Paradoxe du temps. Seul le présent est, mais il n’est rien : il n’a aucune épaisseur. Le passé et le futur sont tout, mais ne sont pas : l’un n’est plus, l’autre pas encore. On pourrait se sortir de cette contradiction en disant que le passé est, mais en tant qu’il n’est plus — qu’un souvenir. Que le futur est, mais en tant qu’il n’est pas encore — qu’une attente. Plus rien qu’un souvenir, rien encore qu’une attente… Autant dire : rien. Nous voici à nouveau dans l’impasse. Il faudrait tout de même chercher à s’en sortir, car le temps n’est autre que passé, présent, futur, et le temps n’est pas rien, car tout est dans le temps.

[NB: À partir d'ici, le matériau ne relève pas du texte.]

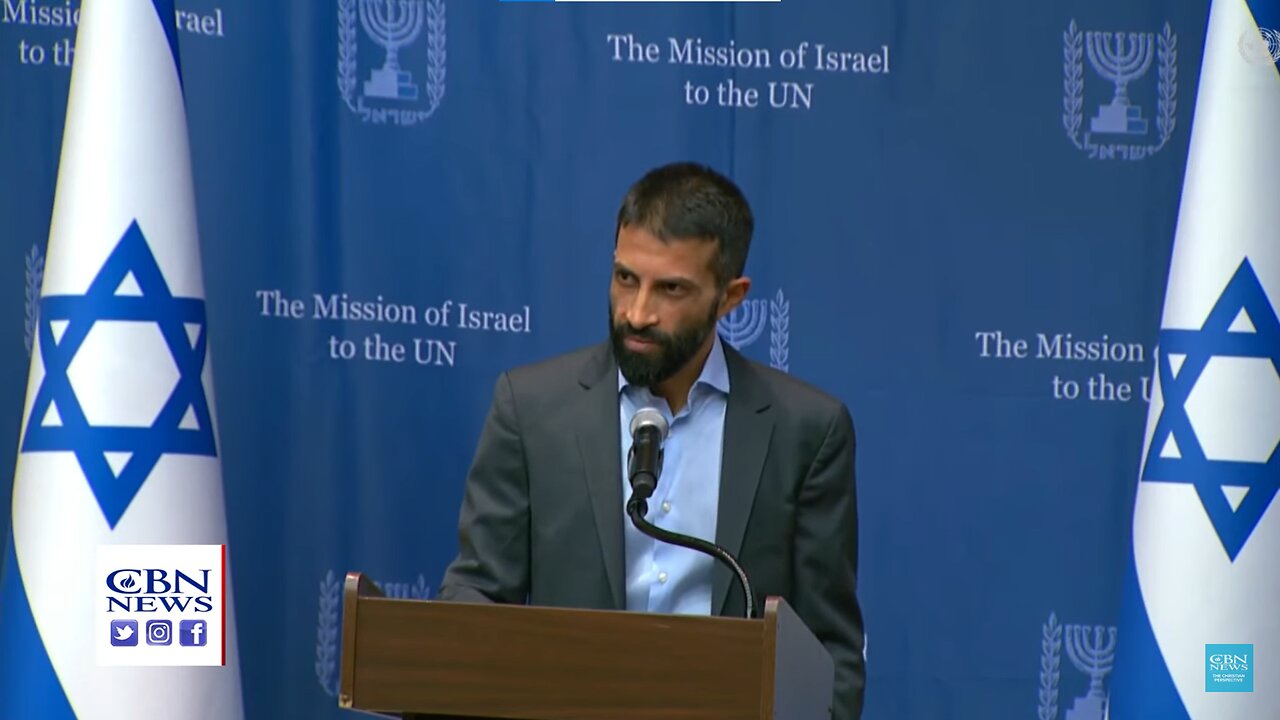 Son of Hamas Co-Founder Denounces Group at UN, Exposes 'Savage' Indoctrination of Palestinian Kids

Autre paradoxe : nul, pas même Dieu, ne peut faire que le passé soit autrement que ce qu’il fut. Tout, même un imperceptible grain de poussière, fait le futur tel ou tel qu’il sera. Pour passer de l’un de ces extrêmes à l’autre, un point évanescent.

Dans le temps, le voyageur est comme un objet qu’on aurait jeté au milieu d’un grand fleuve : poussé par le passé, tiré par le futur, il est emporté par le courant. Comment, plongé dans l’onde insaisissable du présent, pourrait-il conserver la moindre stabilité ?

À la fois tiré vers le passé par ses remords et ses regrets, poussé vers le futur par ses craintes et ses appréhensions, comment, écartelé sur le fil imperceptible du présent, pourrait-il esquisser le moindre mouvement ?

Commencer par choisir mes points d’ancrage dans le passé : ils serviront d’appui pour me décoller du reste. Ce dont je ne me rappelle pas avec plaisir, le dissoudre, et l’oublier. Le souvenir devient alors éclairant. Choisir mes points d’ancrage dans le futur : ce que j’ai promis, le tenir. L’attente devient alors active. Je change ainsi, non pas le passé, mais le poids du passé. Je détermine, non pas le futur, mais le sens du futur.

Peu à peu, le temps apparaît comme ce qu’il est depuis toujours : rien. Le rien du présent est le tout du temps. Et Tout est dans ce Rien. Y compris mes souvenirs, y compris mes attentes. Mais ce n’est plus moi maintenant qui choisis mon passé, mon futur — c’est mon présent. Le rien de mon présent.

Dans la matière désagrégée du temps, le voyageur se meut librement. Dans l’eau étale du moment présent, le poisson est heureux.